Short text fragments from websites:
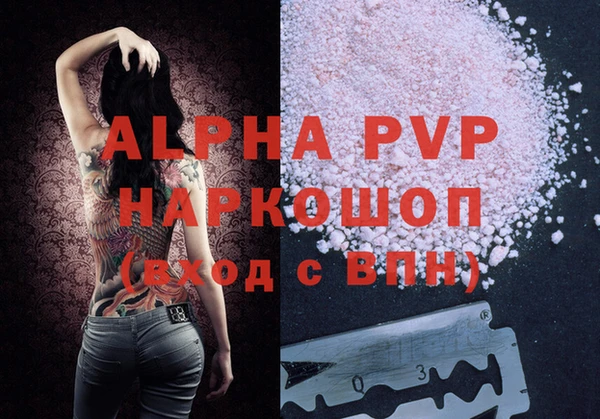 кокаин Абдулино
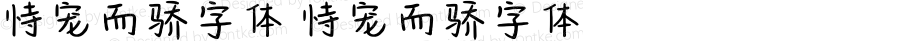 恃宠而骄字体 恃宠而骄字体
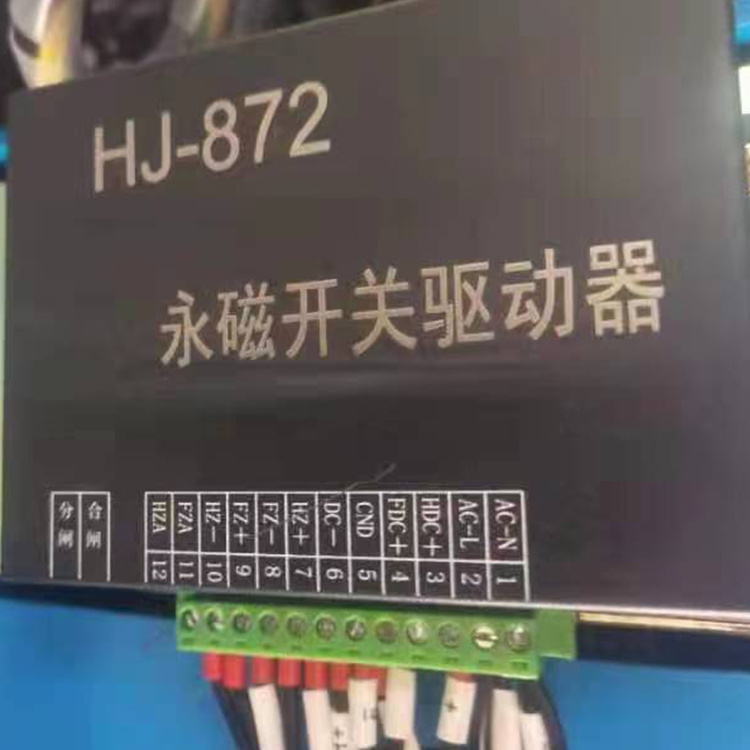 HJ-872永磁開關驅(qū)動器 礦用永磁機構保護裝置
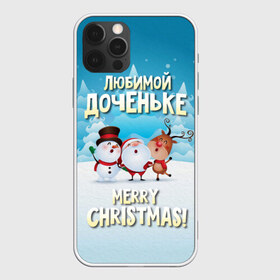 Чехол для iPhone 12 Pro Max с принтом Любимой доченьке (новогодние) в Кировске, Силикон |  | Тематика изображения на принте: дед мороз | доченьке | дочка | дочке | дочь | елка | зима | любимой | новогодние | новый год | олень | рождество | с новым годом | самой | снег | снеговик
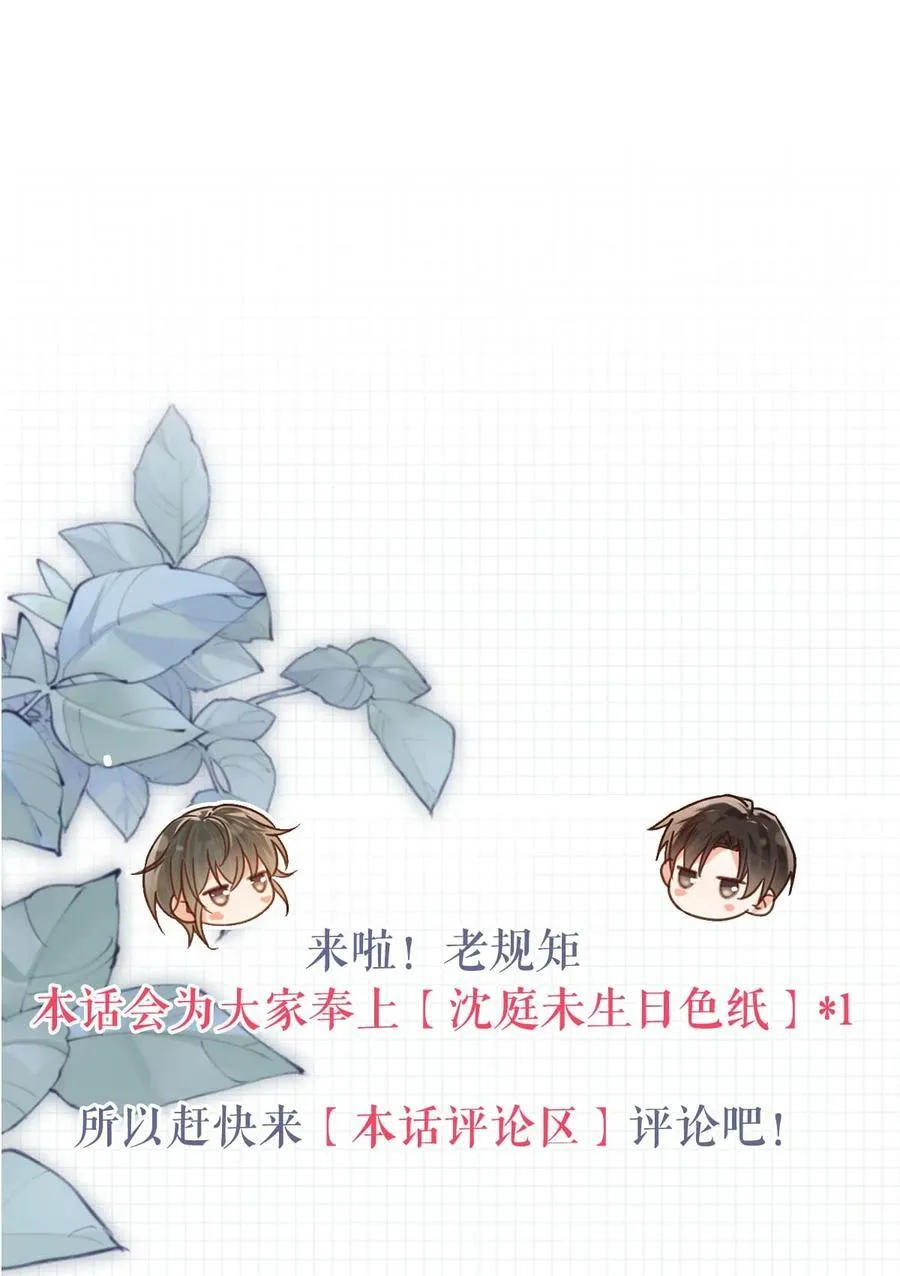 完结番外3 连悦庭37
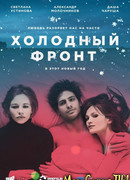 Холодный фронт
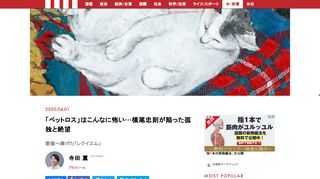 画家・横尾忠則氏は、愛猫タマの最期の折、その死を悼むコメントをツイッターでつぶやき続けた。そのツイートは大きな反響をよび「タマ」は一躍、有名猫の仲間入りを果たす。そして、横尾氏はタマが亡くなった日から、タマの姿を描き始めた。その数は９０点を越える。それはすべて、愛猫へ捧げた「レクイエム」なのだ。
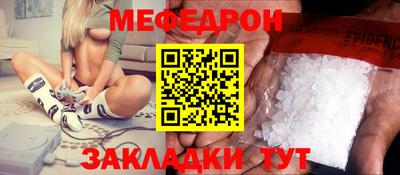 альфа пвп VHQ Наро-Фоминск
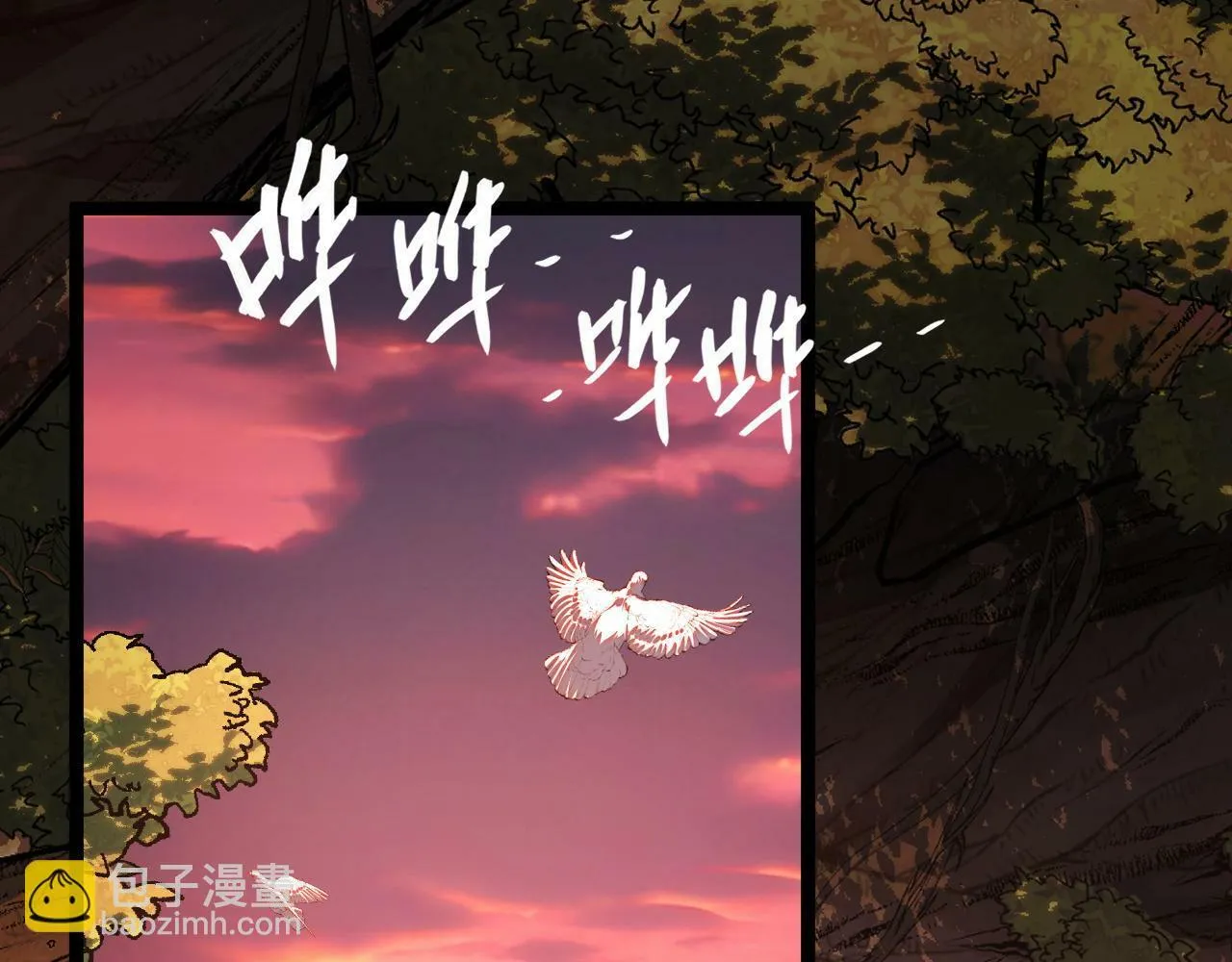 第5话 单挑狂暴巨熊 第139页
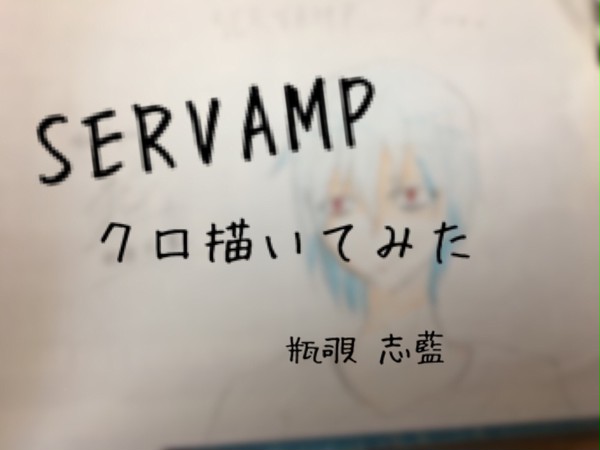 【SERVAMP】クロ描いてみた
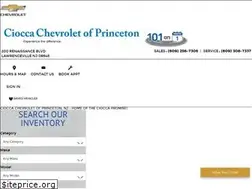 Sites similar to cioccachevroletofprinceton.com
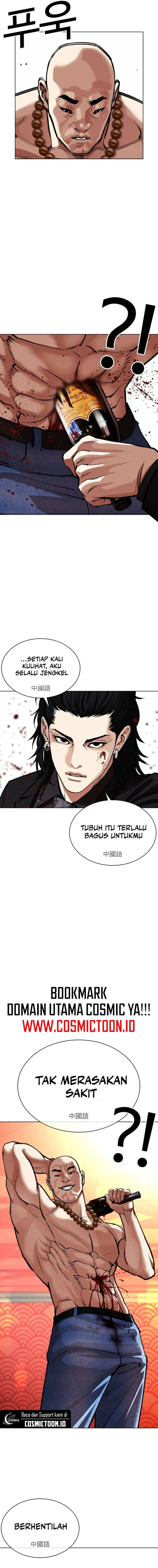 Baca Lookism - Chapter 566 halaman 26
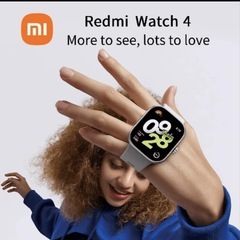 [タイムセール]新品 XIAOMI Redmi Watch 4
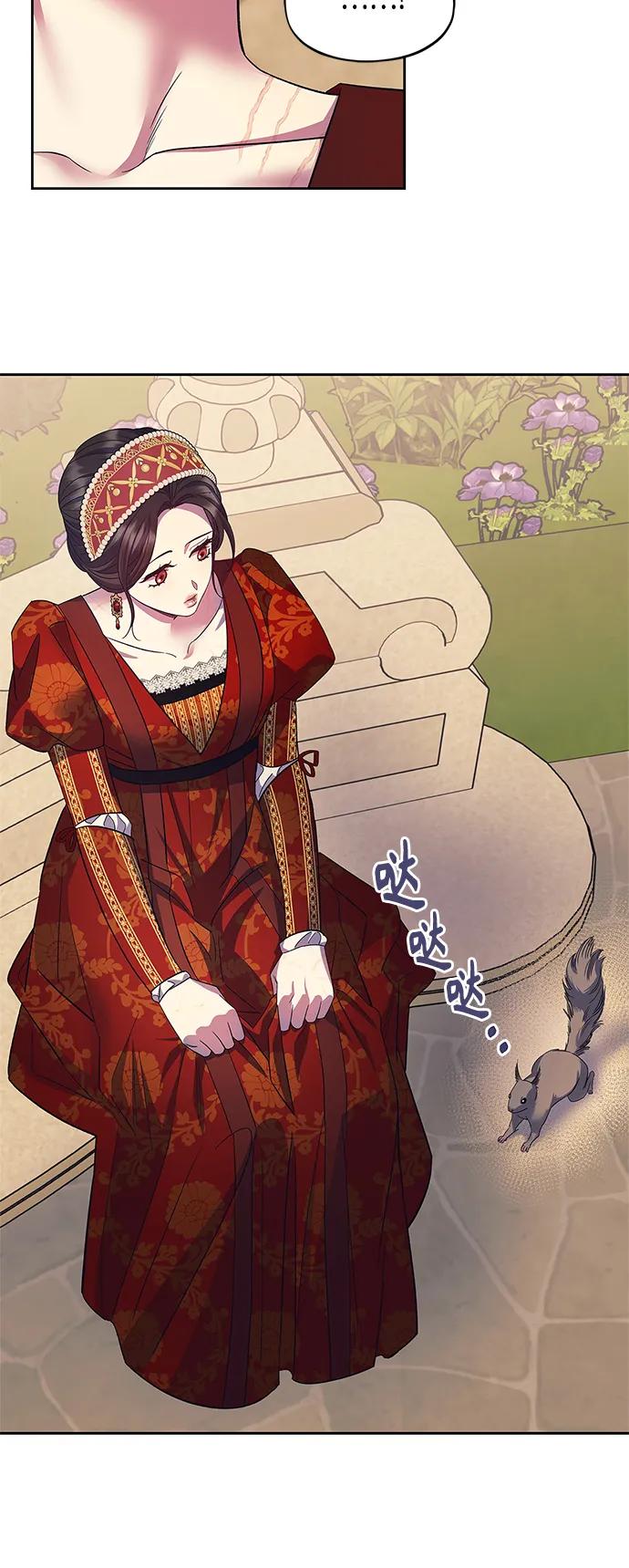 《圣者诉说》第41话 第19页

• **Your assignment**
The range to transcribe runs from the line holding "恃宠而骄字体 恃宠而骄字体" through the final line of the data above; copy it exactly and exclude the pictures.

• **Exercise response**
 恃宠而骄字体 恃宠而骄字体
 HJ-872永磁開關驅(qū)動器 礦用永磁機構保護裝置
 Чехол для iPhone 12 Pro Max с принтом Любимой доченьке (новогодние) в Кировске, Силикон |  | Тематика изображения на принте: дед мороз | доченьке | дочка | дочке | дочь | елка | зима | любимой | новогодние | новый год | олень | рождество | с новым годом | самой | снег | снеговик
 完结番外3 连悦庭37
 Холодный фронт
 画家・横尾忠則氏は、愛猫タマの最期の折、その死を悼むコメントをツイッターでつぶやき続けた。そのツイートは大きな反響をよび「タマ」は一躍、有名猫の仲間入りを果たす。そして、横尾氏はタマが亡くなった日から、タマの姿を描き始めた。その数は９０点を越える。それはすべて、愛猫へ捧げた「レクイエム」なのだ。
 альфа пвп VHQ Наро-Фоминск
 第5话 单挑狂暴巨熊 第139页
 【SERVAMP】クロ描いてみた
 Sites similar to cioccachevroletofprinceton.com
 Baca Lookism - Chapter 566 halaman 26
 [タイムセール]新品 XIAOMI Redmi Watch 4
 《圣者诉说》第41话 第19页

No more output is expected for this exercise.